Though unnamed in the story she was Photini, “the Samaritan woman.” Because sometimes shame erases your name before God restores it.

She didn’t come to meet God. She came to avoid people. That’s what wounded hearts do. Five broken marriages. The sixth man refused to even give her his name. In her culture, that was a scandal. She wasn’t just thirsty, she was tired. Tired of starting over. Tired of carrying empty jars.

And yet…HE was already waiting. Jesus waits at wells. He traveled miles to see her, to wait for her, because heaven schedules appointments we don’t know we have. And there He sat: God with sore feet.

She arrives, and He speaks first. “Give Me a drink.” Not a sermon, not correction, just: “Give Me a drink.” (John 4:7 TPT)

It’s disarming. The thirsty One asks the thirsty one for water. Because that’s how grace works. He doesn’t begin by exposing sin. He begins by creating connection. In one sentence, Jesus shattered centuries of walls. He crossed ethnic boundaries and spoke to a woman, an outcast. We have the saying, “Three strikes and you’re out, but this woman had 5 or 6. But heaven doesn’t count strikes.

Heaven counts sons and daughters.

She’s shocked. Then He says the words that split her life in two:

“If you only knew who I am and the gift that God wants to give you, you’d ask Me for a drink, and I would give you living water.” (John 4:10 TPT)

He offers Living water, not religion or behavior management. Water that moves, and sings, and never runs dry. Living water!

“Springing up within you like a bubbling fountain of endless life!” (v.14 TPT)

Not a bucket you carry but a spring you become. This is the gospel.

Then comes the moment we brace for. This is the moment when Jesus acknowledges her story. He goes there. “Go get your husband.” Embarassed, she tries to shrink. “I don’t have one.”

And Jesus, so tender, so kind, replies:

“You’ve had five… and the one you’re with now is not your husband.” (v.18)

No disgust. Just truth wrapped in kindness. He reveals her past not to shame her…but to show her: “Nothing about you scares Me away. He knew her story, yet stayed. For someone who had been left over and over…this must have felt like oxygen.

Then, following her theological inquiries, Jesus takes an unprecedented step. He reveals His identity to her. Not to a rabbi, or priest, or king, but to her.

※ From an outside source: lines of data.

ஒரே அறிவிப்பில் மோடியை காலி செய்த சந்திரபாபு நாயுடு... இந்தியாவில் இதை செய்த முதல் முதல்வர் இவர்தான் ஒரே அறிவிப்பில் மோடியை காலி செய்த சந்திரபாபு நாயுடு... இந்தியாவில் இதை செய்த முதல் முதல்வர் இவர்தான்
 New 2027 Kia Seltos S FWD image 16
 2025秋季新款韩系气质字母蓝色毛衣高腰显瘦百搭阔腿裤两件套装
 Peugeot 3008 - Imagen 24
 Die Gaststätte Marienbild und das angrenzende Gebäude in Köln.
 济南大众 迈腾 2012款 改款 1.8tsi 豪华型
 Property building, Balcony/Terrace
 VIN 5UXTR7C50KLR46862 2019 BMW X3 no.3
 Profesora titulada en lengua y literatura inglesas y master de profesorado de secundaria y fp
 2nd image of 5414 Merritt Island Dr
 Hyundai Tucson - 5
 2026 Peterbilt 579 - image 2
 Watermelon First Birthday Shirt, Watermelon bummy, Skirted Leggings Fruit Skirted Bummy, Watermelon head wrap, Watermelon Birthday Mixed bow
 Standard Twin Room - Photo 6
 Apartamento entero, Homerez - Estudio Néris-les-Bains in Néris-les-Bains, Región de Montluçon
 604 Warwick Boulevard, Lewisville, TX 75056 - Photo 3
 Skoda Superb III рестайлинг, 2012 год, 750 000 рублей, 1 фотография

“I am He—the Messiah.” (v.26)

She is the first person in John’s Gospel to hear this declaration so clearly. She becomes the first evangelist… a divorced Samaritan woman. She drops her water pot and became one. My favorite line in the whole story:

“All at once, the woman dropped her water jar and ran back to her village…” (v.28)

She came for water but forgot all about it after drinking living water. Because when you meet Living Water, old assignments feel silly. She leaves it because you can’t carry fire and old containers at the same time.

Then she does something stunning. She preaches. Untrained and raw, she ran to her village telling everyone: “Come and meet a man who told me everything I ever did!” (v.29)

Not, “Come hear my theology.” Not: “I cleaned myself up first.” Just:

Come meet the One who saw me and loved me anyway. And the whole city comes.

Scripture says: “Many believed in Him because of the woman’s testimony.” (v.39) Let that sink in. An entire town meets Jesus…

because one healed woman told the truth. Revival started at a well.

Church history later calls her Photini. It means: “The luminous one.”

“The enlightened one.” “The shining one.” She went from shame to shining, from disgrace to delight, from hiding to herald. From drawing water to becoming a well. That’s what Jesus does. He doesn’t just forgive you. He renames you and rewrites your story.

Maybe you’re carrying a jar too, walking to your own well, wanting something to drink, to quench your thirst at noon. Maybe you think God will talk to someone else first. Someone more spiritual, more qualified. But don’t forget, Jesus still sits at wells, waiting for the overlooked. Still asking gently: “Will you give Me a drink?”

And when you meet Him, you might just drop the jar and run home glowing. Like Photini. Like someone who finally found the water their soul was made for.